RAW DATA Block Start

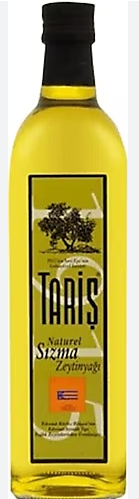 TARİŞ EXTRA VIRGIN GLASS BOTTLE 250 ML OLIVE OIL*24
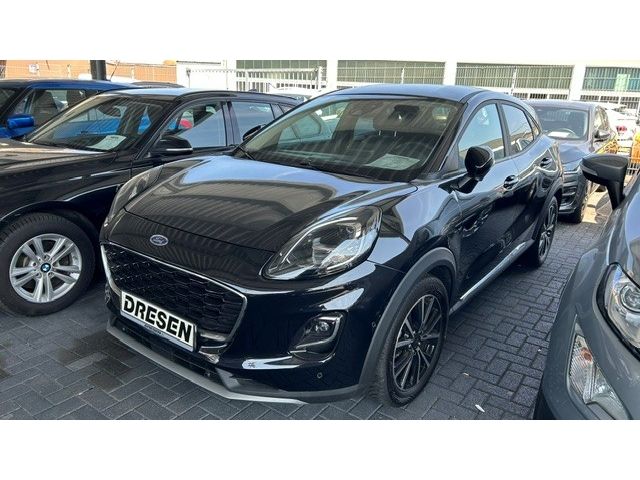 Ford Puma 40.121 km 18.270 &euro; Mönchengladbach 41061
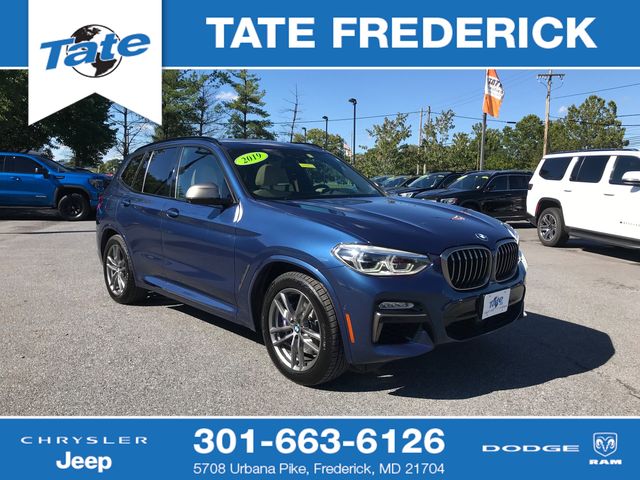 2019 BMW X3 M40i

RAW DATA Block End

## YOUR ASSIGNMENT
Excluding the pictures, retype the line containing "Ford Puma 40.121" and all lines after it down to the end of the data above.

## OUTPUT OF THE TASK
 Ford Puma 40.121 km 18.270 &euro; Mönchengladbach 41061
 2019 BMW X3 M40i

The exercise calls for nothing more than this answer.